* **WORK ORDER**
No pictures belong in the copy. Restate the rest of the data exactly.

**** RECORDS FOR PROCESSING ****

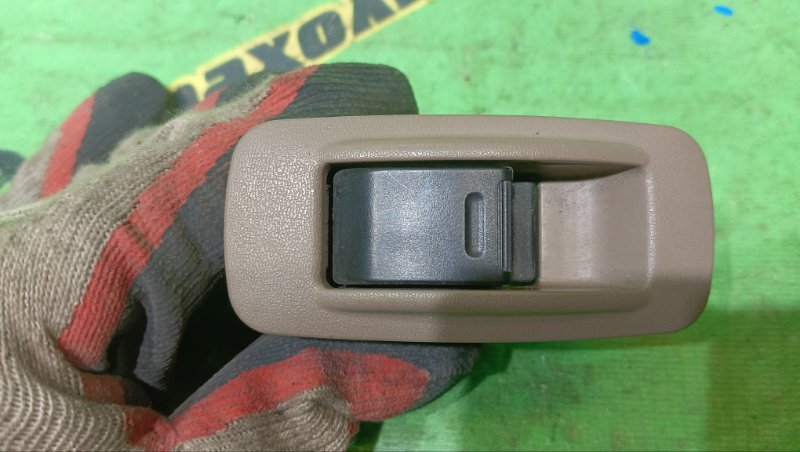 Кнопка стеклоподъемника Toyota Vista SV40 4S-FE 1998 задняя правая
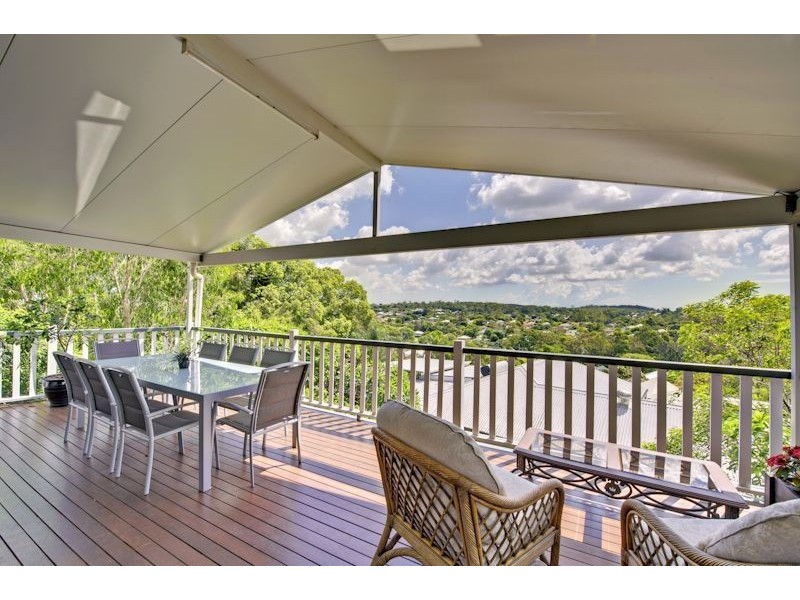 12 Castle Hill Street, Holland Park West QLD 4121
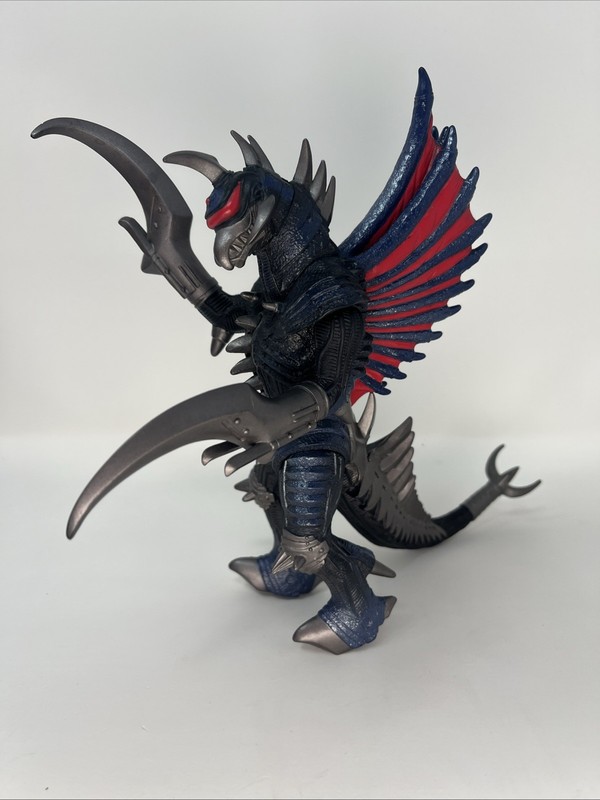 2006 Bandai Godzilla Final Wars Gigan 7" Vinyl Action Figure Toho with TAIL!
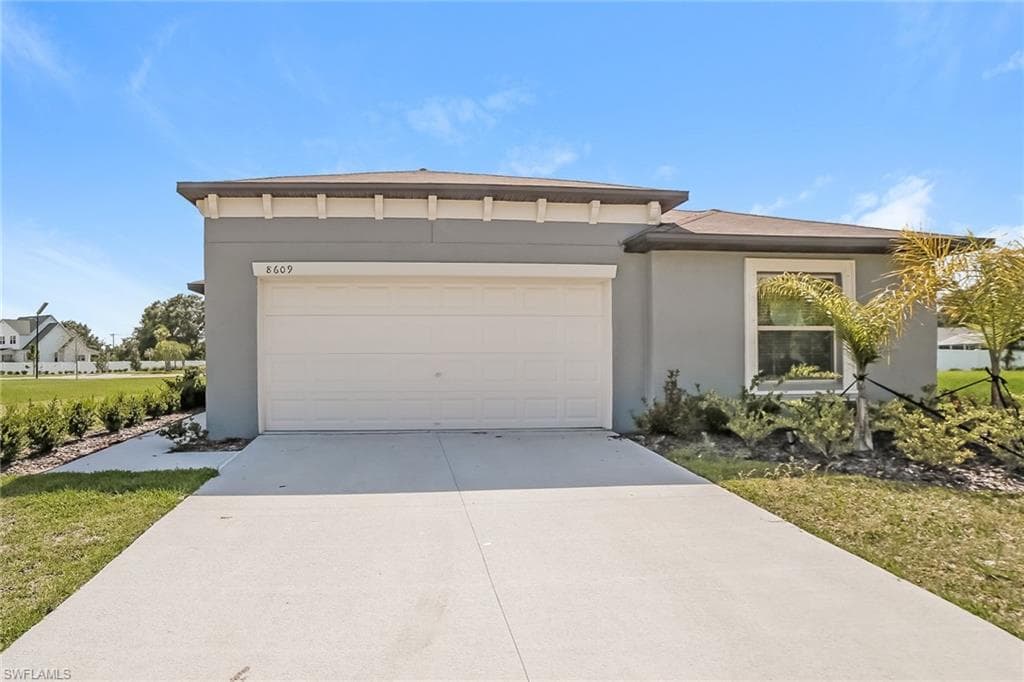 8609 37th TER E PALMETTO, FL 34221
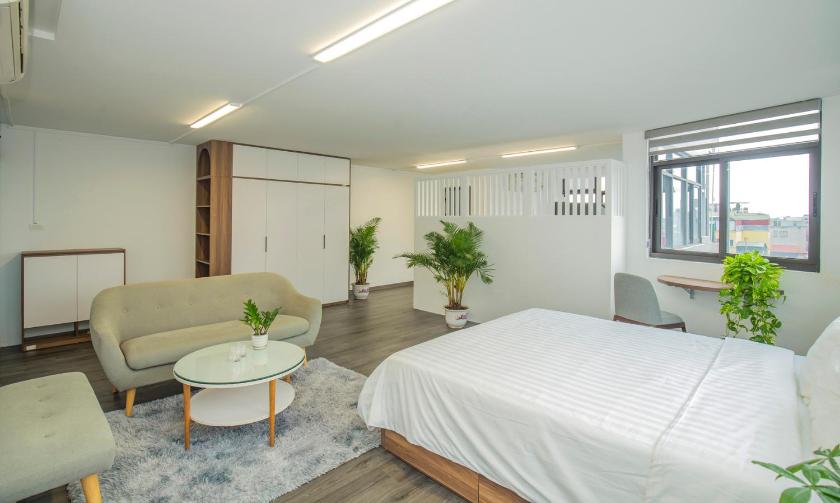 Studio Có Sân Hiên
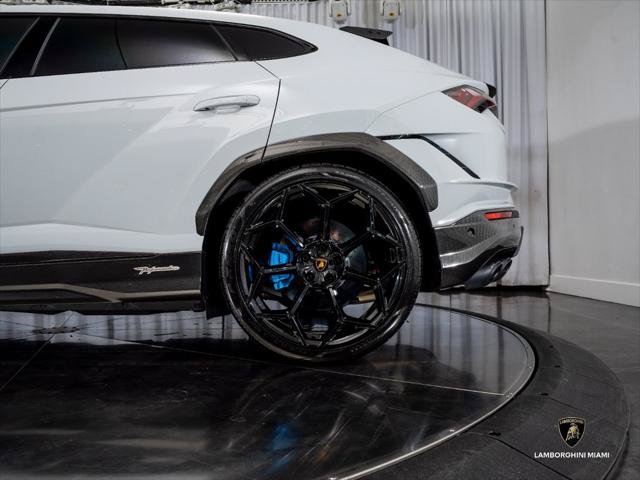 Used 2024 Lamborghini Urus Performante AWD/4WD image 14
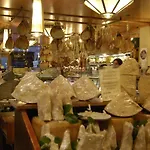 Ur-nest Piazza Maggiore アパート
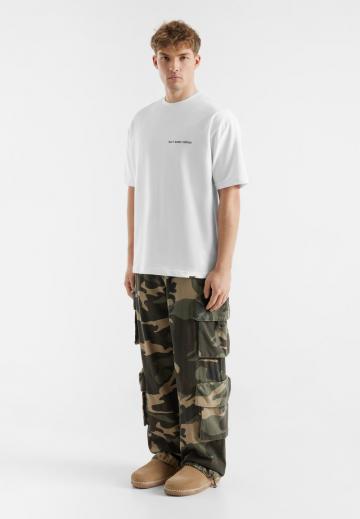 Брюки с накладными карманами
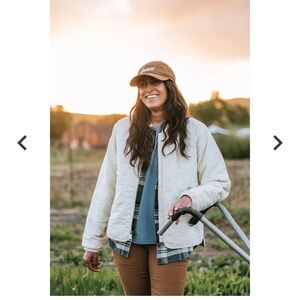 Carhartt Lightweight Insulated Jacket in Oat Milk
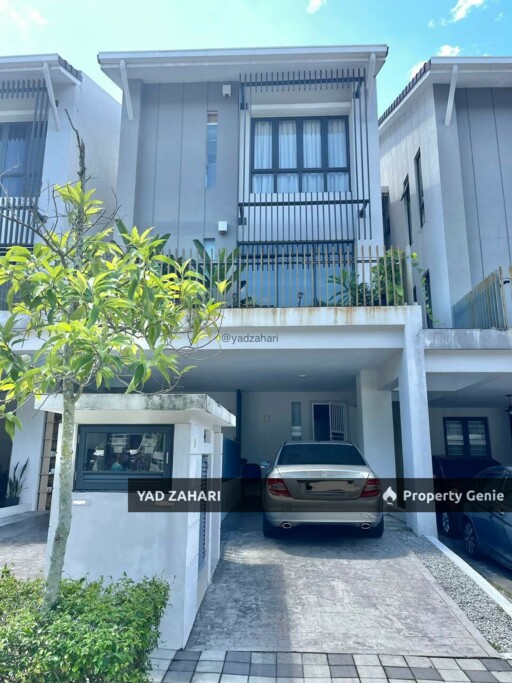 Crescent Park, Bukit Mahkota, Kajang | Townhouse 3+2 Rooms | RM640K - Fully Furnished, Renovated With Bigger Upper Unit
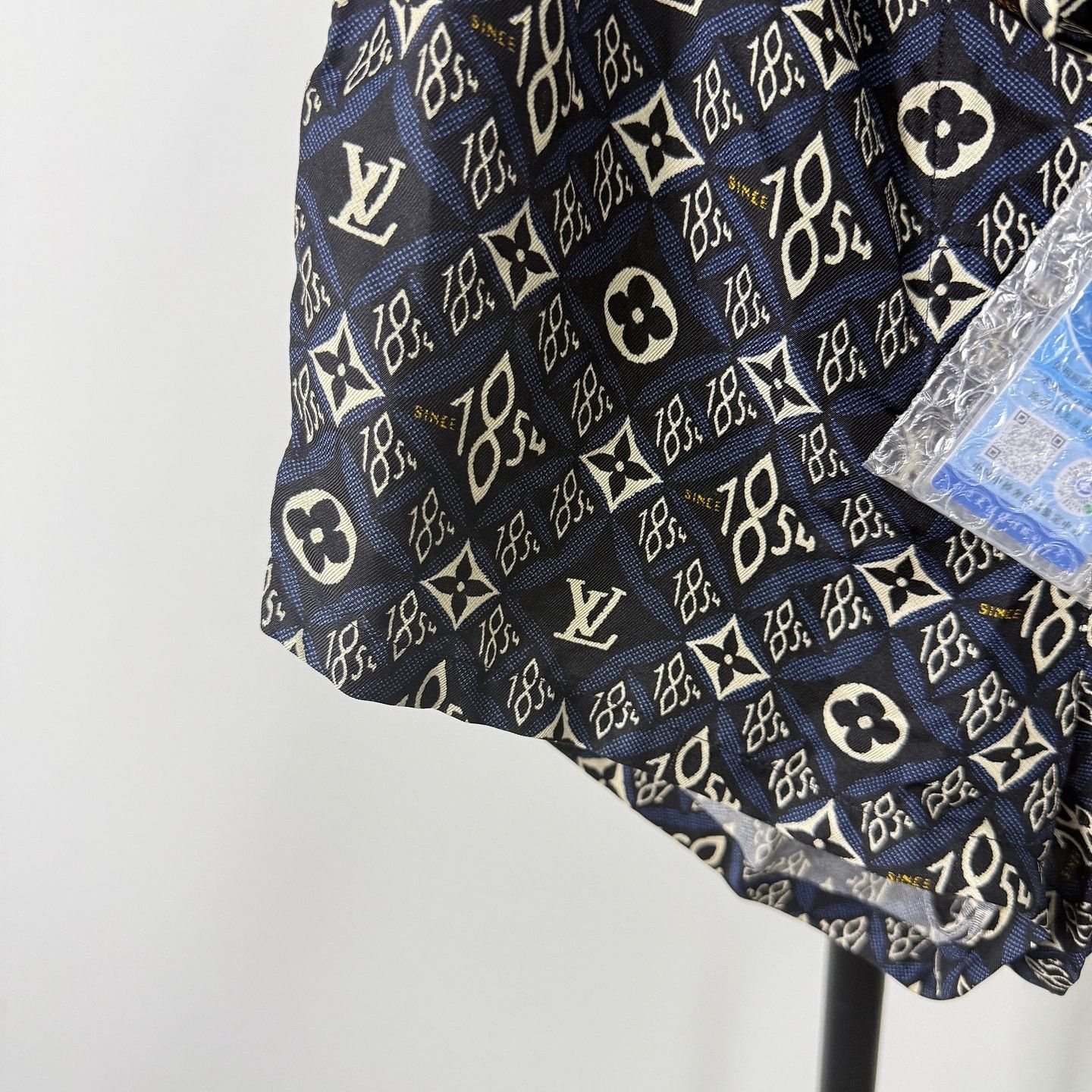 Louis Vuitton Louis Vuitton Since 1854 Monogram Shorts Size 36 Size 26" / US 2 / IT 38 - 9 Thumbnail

****

* **SOLUTION TO THIS PROBLEM**
 Кнопка стеклоподъемника Toyota Vista SV40 4S-FE 1998 задняя правая
 12 Castle Hill Street, Holland Park West QLD 4121
 2006 Bandai Godzilla Final Wars Gigan 7" Vinyl Action Figure Toho with TAIL!
 8609 37th TER E PALMETTO, FL 34221
 Studio Có Sân Hiên
 Used 2024 Lamborghini Urus Performante AWD/4WD image 14
 Ur-nest Piazza Maggiore アパート
 Брюки с накладными карманами
 Carhartt Lightweight Insulated Jacket in Oat Milk
 Crescent Park, Bukit Mahkota, Kajang | Townhouse 3+2 Rooms | RM640K - Fully Furnished, Renovated With Bigger Upper Unit
 Louis Vuitton Louis Vuitton Since 1854 Monogram Shorts Size 36 Size 26" / US 2 / IT 38 - 9 Thumbnail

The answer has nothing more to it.